# There is a lot going on in this world today



## Livininlogs (Oct 12, 2005)

I was sitting at work and pulled out my small Gideon new testament. With that is going on in the world today it's frightening to think what our children and grand children have to look forward to. I don't know why i never saw this but I read the first two pages in the book. This is the description of what the bible is. You know what as long as we have this I'm not so much worried. we are all worked up about whats going on today but read the last line, God has his plan and we will not be let down.

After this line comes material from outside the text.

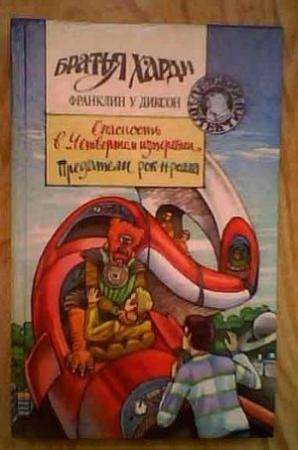 Обложка книги «Опасность в Четвертом измерении» — Франклин Диксон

*The Bible contains the mind of God, the state of man, the way of salvation, the doom of sinners, and the happiness of believers. Its doctrines are holy, its precepts are binding, its histories are true, and its decisions are immutable. Read it to be wise, believe it to be safe, and practice it to be holy. It contains light to direct you, food to support you, and comfort to cheer you.*

*It is the travelers map, the pilgrim's staff, the pilot's compass, the soldier's sword, and the Christian's charter. Here paradise is restored, Heaven opened, and the gates of hell disclosed. *

*Christ is it's grand subject, our good the design, and the glory of God its end.*

*It should fill the memory, rule the heart, and guide the feet. Read it slowly, frequently, and prayerfully. It is a mind of wealth, a paradise of glory, and a river of pleasure. It is given you in life, will be opened at judgment. And be remembered forever. It involves the highest responsibility, will reward the greatest labor, and will condemn all who trifle with* *its sacred contents. *


----------



## ComeFrom? (May 21, 2004)

Well said. I have several versions of the Bible American, NIV, New Standard, etc., etc. I never read any one of them complete to the end.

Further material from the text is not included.